“It needn’t be painful,” I said. “And when it’s over… well…”

I took him out back of the barn and showed him the well, where he burst into bitter tears. “No, Poppa. Not that. No matter what.”

But when she came back from Deland (Harlan Cotterie, our nearest neighbor, carried her most of the way in his Ford, leaving her to walk the last two miles) and Henry begged her to “leave off so we can just be a family again,” she lost her temper, struck him across the mouth, and told him to stop begging like a dog.

“Your father’s infected you with his timidity. Worse, he’s infected you with his greed.”

As though she were innocent of that sin!

“The lawyer assures me the land is mine to do with as I wish, and I’m going to sell it. As for the two of you, you can sit here and smell roasting hogs together and cook your own meals and make your own beds. You, my son, can plow all the day and read his everlasting books all night. They’ve done him little good, but you may get on better. Who knows?”

“Mama, that’s not fair!”

She looked at her son as a woman might look at a strange man who had presumed to touch her arm. And how my heart rejoiced when I saw him looking back just as coldly. “You can go to the devil, both of you. As for me, I’m going to Omaha and opening a dress shop. That’s my idea of fair.”
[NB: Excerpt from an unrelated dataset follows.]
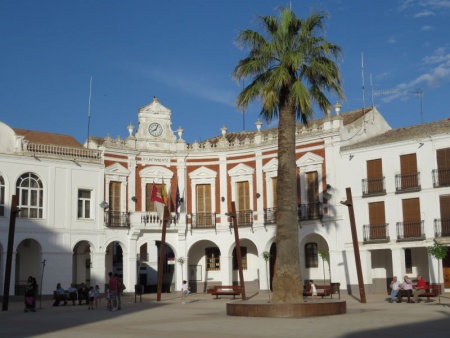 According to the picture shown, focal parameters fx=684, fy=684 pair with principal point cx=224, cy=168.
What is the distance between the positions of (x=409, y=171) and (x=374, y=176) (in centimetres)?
223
This conversation took place in the dusty dooryard between the house and the barn, and her idea of fair was the last word. She marched across the yard, raising dust with her dainty town shoes, went into the house, and slammed the door. Henry turned to look at me. There was blood at the corner of his mouth and his lower lip was swelling. The rage in his eyes was of the raw, pure sort that only adolescents can feel. It is rage that doesn’t count the cost. He nodded his head. I nodded back, just as gravely, but inside the Conniving Man was grinning.